As is well known to those skilled in the art, orthogonal frequency division multiplexing (OFDM) based communication systems are in the spotlight as the modulation and demodulation technology of the next generation broadband mobile communication systems because they enable robust and efficient frequency use for multipath channels. In particular, the use of a Cyclic Prefix (CP) eliminates Inter-Symbol Interference (ISI) and at the same time, the allowable error is relatively high when acquiring symbol timing synchronization.

Methods for acquiring symbol timing synchronization in an OFDM based wireless communication system are classified into two categories. The first method is to use autocorrelation between CP and effective OFDM symbol. This method requires a long time for acquiring synchronization because the relatively short CP length requires the accumulation of autocorrelation values for several symbols. The second method is to utilize a preamble having a specific structure in a system for transmitting and receiving data in packet units. Compared to the method using CP, faster symbol timing synchronization can be obtained, but bandwidth efficiency is inferior because a preamble for acquiring synchronization is included every frame.

In the conventional method of acquiring symbol timing synchronization using a preamble, a timing metric defined based on a structure of a preamble, which is repeated once, is calculated, and the position of a sample that maximizes the result is set as the start position of the preamble. To consider. Here, the preamble is obtained by taking an IFFT with a specific sequence on even-numbered subcarriers, resulting in a structure that is repeated once in the time axis, and there is a correlation between samples having a distance of N / 2 between two samples within the preamble. exist. Where N is defined as the Fast Fourier Transform (FFT) magnitude. The existing timing metric utilizes only the correlation between repetition patterns existing in the effective OFDM symbol of the preamble, and does not consider the correlation between the CP and the effective OFDM symbol. The result is a flat area in the timing metric as a function of the sample's position and ambiguity in the symbol timing estimates. As long as the estimated symbol timing is present in the CP, it is possible to recover the data without ISI. However, since the larger the variance of the symbol timing estimate may cause the performance degradation of other algorithm blocks, an estimation algorithm having a smaller variance of the symbol timing estimate is required.

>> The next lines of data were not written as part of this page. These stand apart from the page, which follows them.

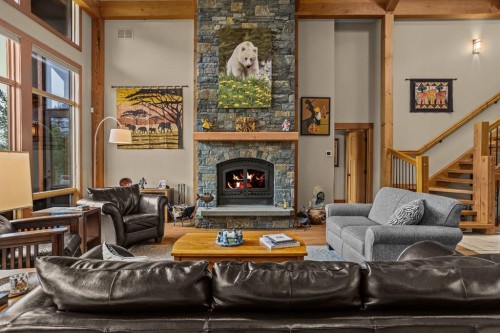 215 Benchlands Terrace, Canmore, AB - Indoor Photo Showing Living Room With Fireplace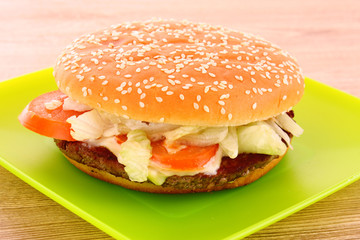 hamburger with vegetables on the table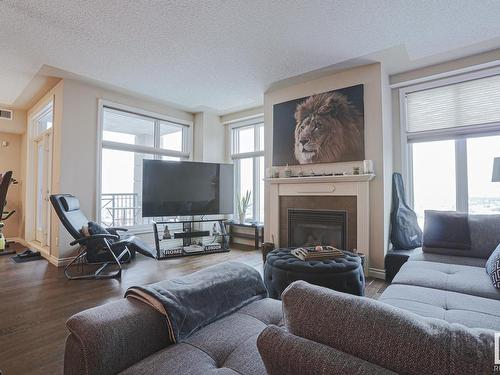 1201 9020 Jasper Avenue Nw, Edmonton, AB - Indoor Photo Showing Living Room With Fireplace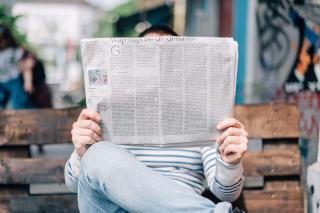 man reading newspaper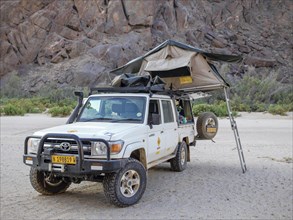 4x4 vehicle with raised roof tent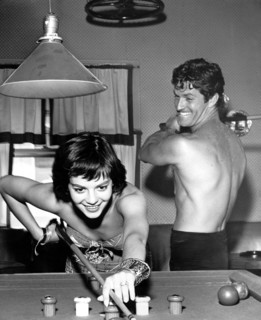 Natalie WOOD and Hugh O'BRIAN playing a game of billiards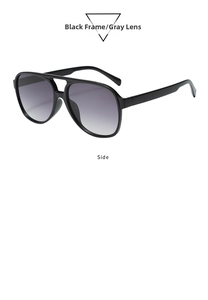 Detail view of double-bridge pilot sunglasses with black frames and gray-purple lenses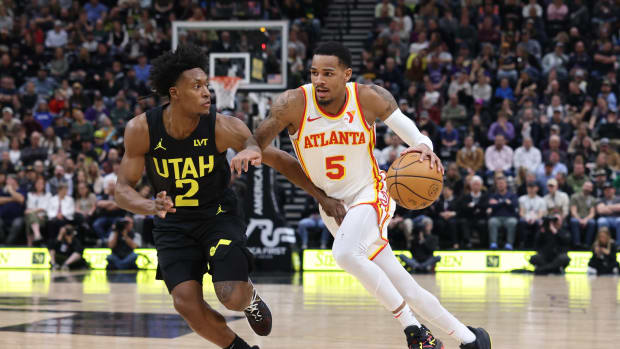 Mar 15, 2024; Salt Lake City, Utah, USA; Atlanta Hawks guard Dejounte Murray (5) drives against Utah Jazz guard Collin Sexton (2) during the second quarter at Delta Center. Mandatory Credit: Rob Gray-USA TODAY Sports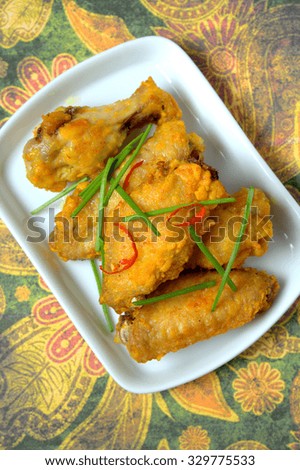 Fried chicken wings with spices served on white dish and flowery background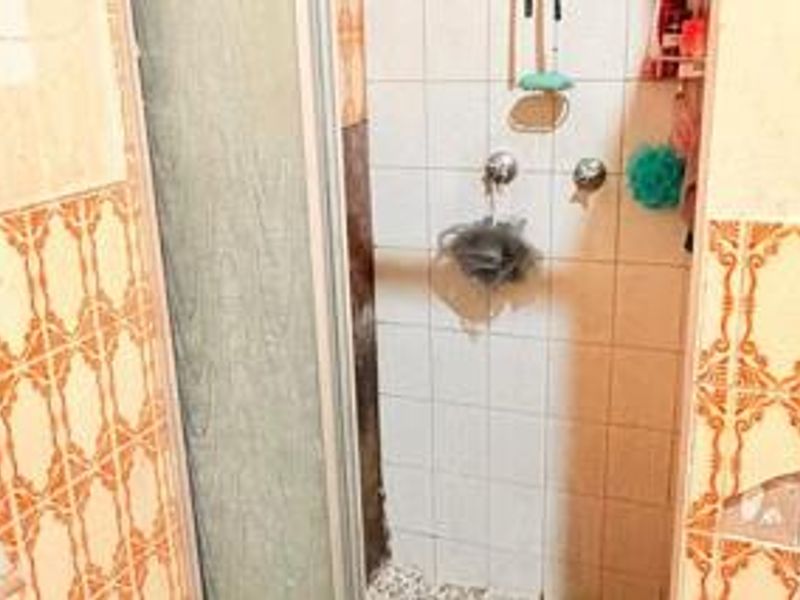 A dated bathroom shower area featuring original patterned wall tiles and a standard shower enclosure, showing signs of wear and tile damage.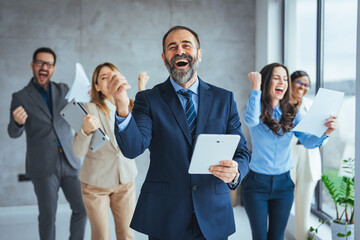 Successful businesspeople having a meeting in an office. Business concept. Business meeting office conference team teamwork. Business People Celebrating with arm raised up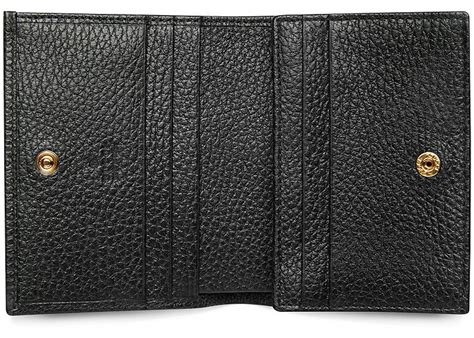 GG Marmont card case in black leather .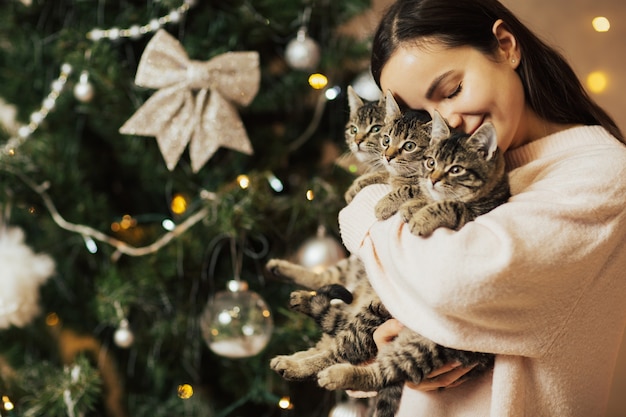 Gelukkig meisje dat drie lieve kittens houdt in de buurt van de kerstboom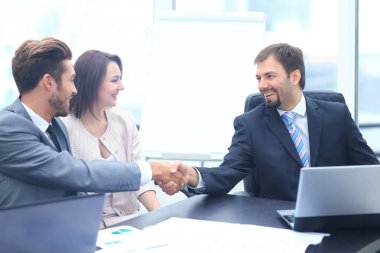 İki ile bir toplantı sırasında bir masada oturan iş arkadaşları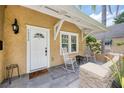 Inviting front porch with white rocking chairs, slate tiles, and cozy decor at 1333 W Yale St, Orlando, FL 32804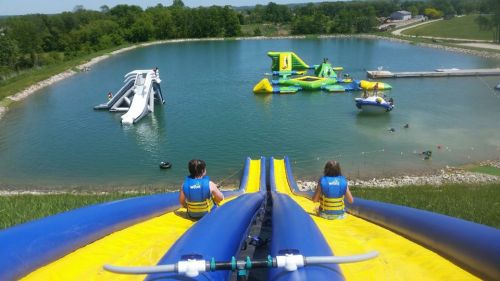 Two children sit on a water slide overlooking a lake with inflatable attractions and a dock in the background.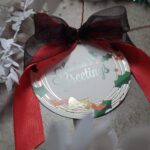 Circular Christmas tag with Seasons Greeting foiled in gold and a red and black ribbon tied to it.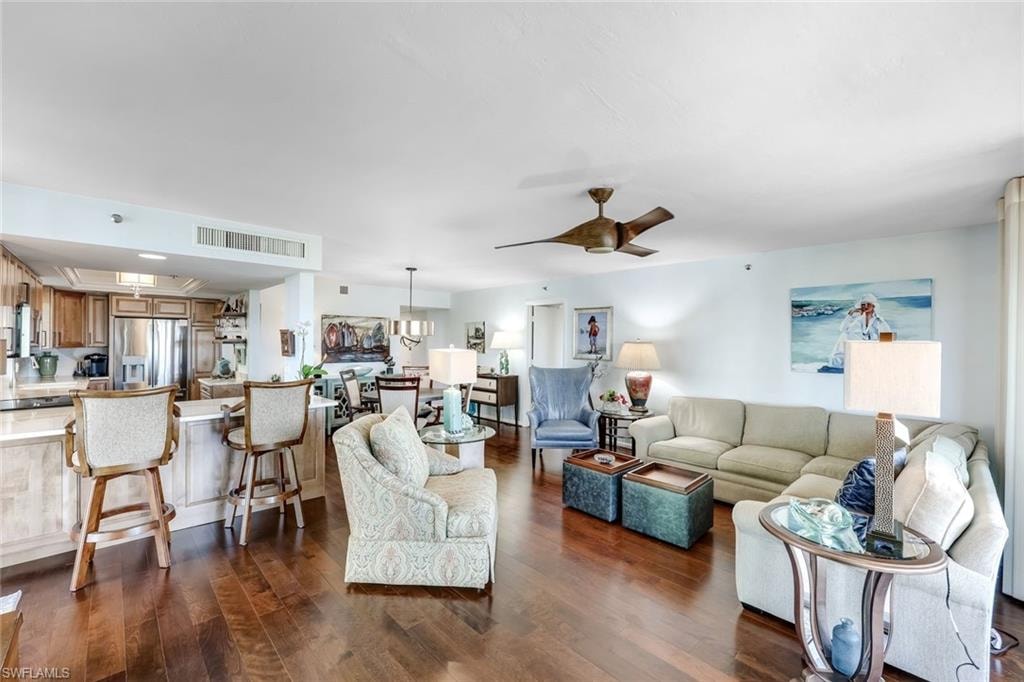 Hardwood-finish flooring throughout, kitchen with stainless steel appliances and light wood cabinetry, kitchen island with seating, recessed and pendant lighting, and ceiling fan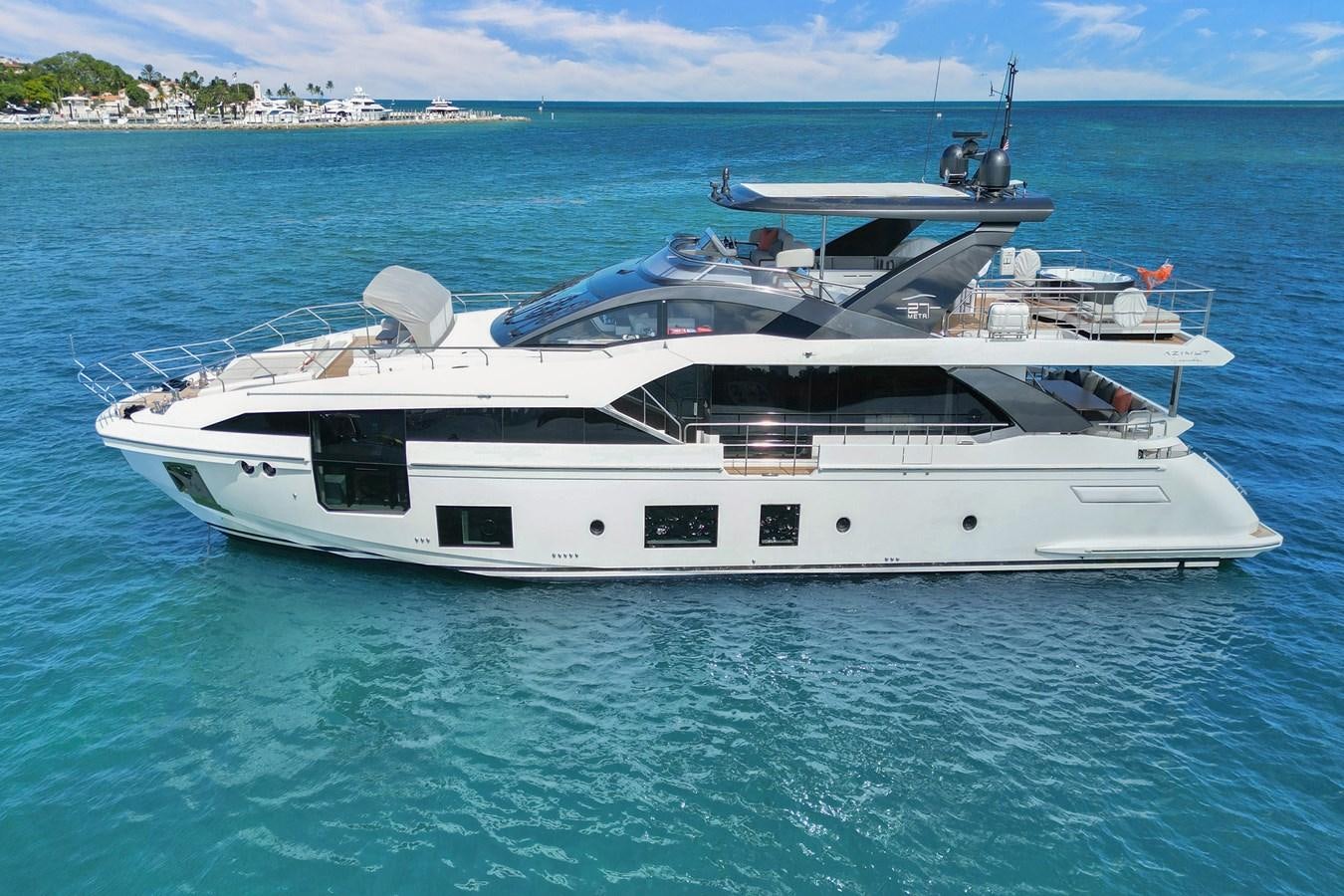 a white yacht in the water aboard ENCHANTE Yacht for Sale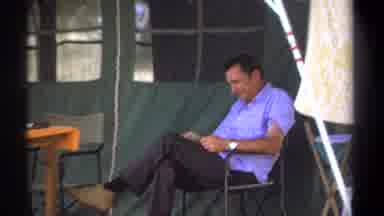 Kenya (1969): Man Read The Book Peacefully On A Camping Day Beside His Tent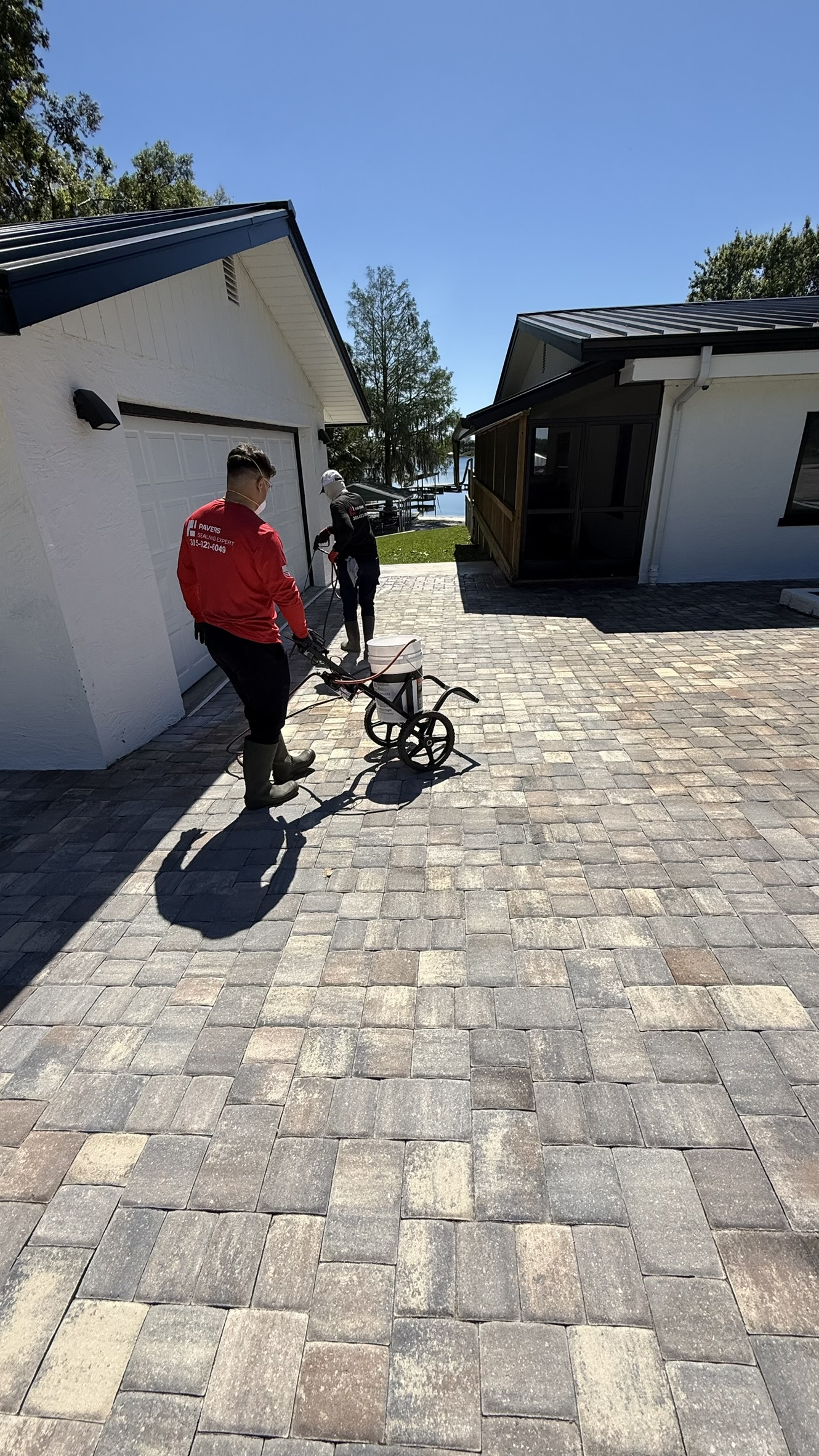 Freshly sealed gray paver driveway with a rich, even finish in Miami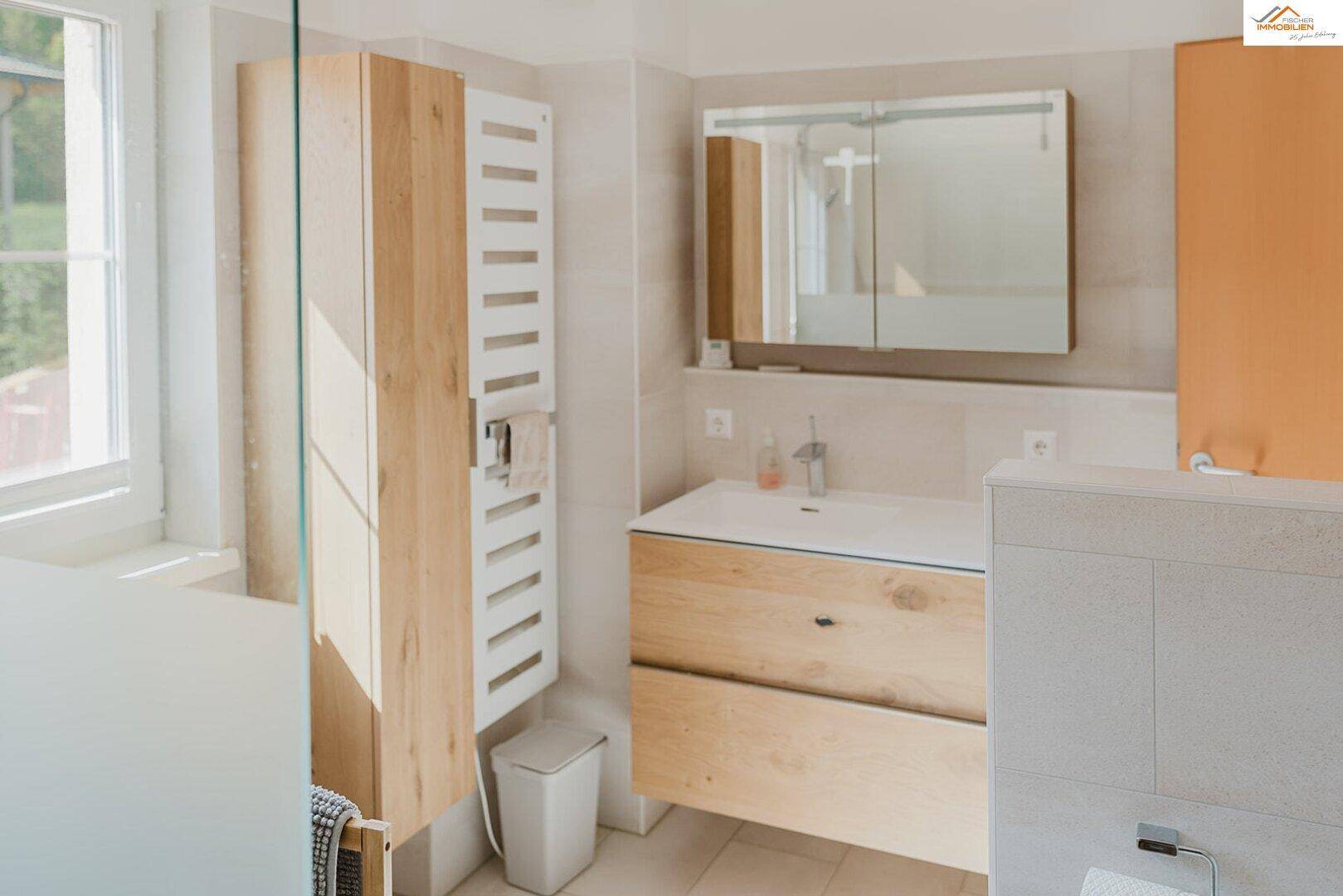 Badezimmer mit Holzwaschtisch, Spiegelschrank, Handtuchheizkörper und Fenster.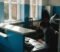 Practice manager reviewing CQC compliance documents at a GP surgery reception desk Practice manager reviewing CQC compliance documents at a GP surgery reception desk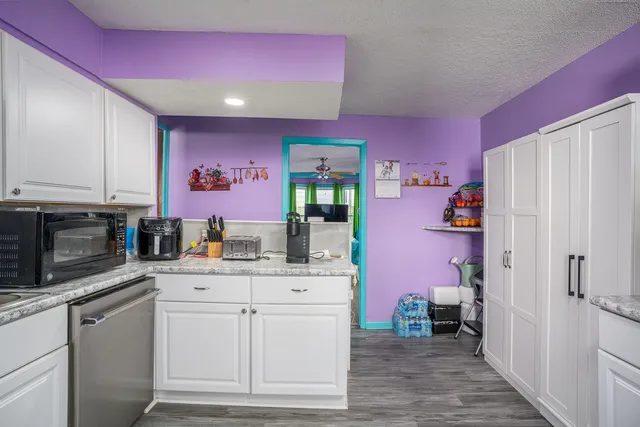 a kitchen with granite countertop a sink cabinets and stainless steel appliances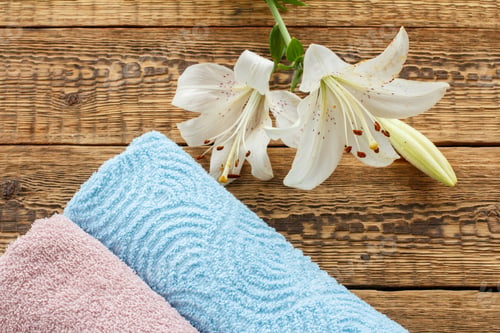 Preview: Blue And Pink Soft Terry Towels With White Lily Flowers On Old Wooden Boards. Top View.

In order to solve the above problem, there is a small symbol timing estimation method proposed in the related art, in which a result of performing an FFT on a real number sequence is conjugated to a Hermitian symmetry around the N / 2th sample. This method is based on calculating the sum of the products of samples separated by a certain distance from the N / 2th sample. This method has a disadvantage in that the computational complexity is very large because it cannot be calculated by the recursive method.

Another way to reduce the variance of symbol timing estimates is to increase the number of repeating patterns and assign different symbols to each repeating pattern to ensure that the timing metric is maximized at the sample position corresponding to the start of the preamble. . In this method, when the FFT size N is fixed, in order to make the number of repeating patterns L in the time axis, each alphabetic sequence of L subcarriers must be loaded in the frequency domain so that the length of the sequence becomes N / L. Therefore, as L increases, N / L decreases. Since the length of the sequence is related to the number of base stations that can be supported in the communication system using the corresponding preamble, the length of the sequence constituting the preamble is preferably longer. As a result, the above method requires an algorithm for reducing the variance of the symbol timing estimate without increasing the number of repeating patterns.

Accordingly, the technical problem to be achieved by the present invention is a symbol timing estimation method and apparatus and carrier frequency error estimation method in which the variance of the symbol timing estimate and the repetitive calculation of the timing metric are not possible and the calculation complexity of the timing metric itself is not high. The present invention provides a method and apparatus for estimating maximum likelihood symbol timing and carrier frequency offset using one preamble having a repetition characteristic and a cyclic prefix for a preamble in an orthogonal frequency division multiplexing system capable of providing an apparatus.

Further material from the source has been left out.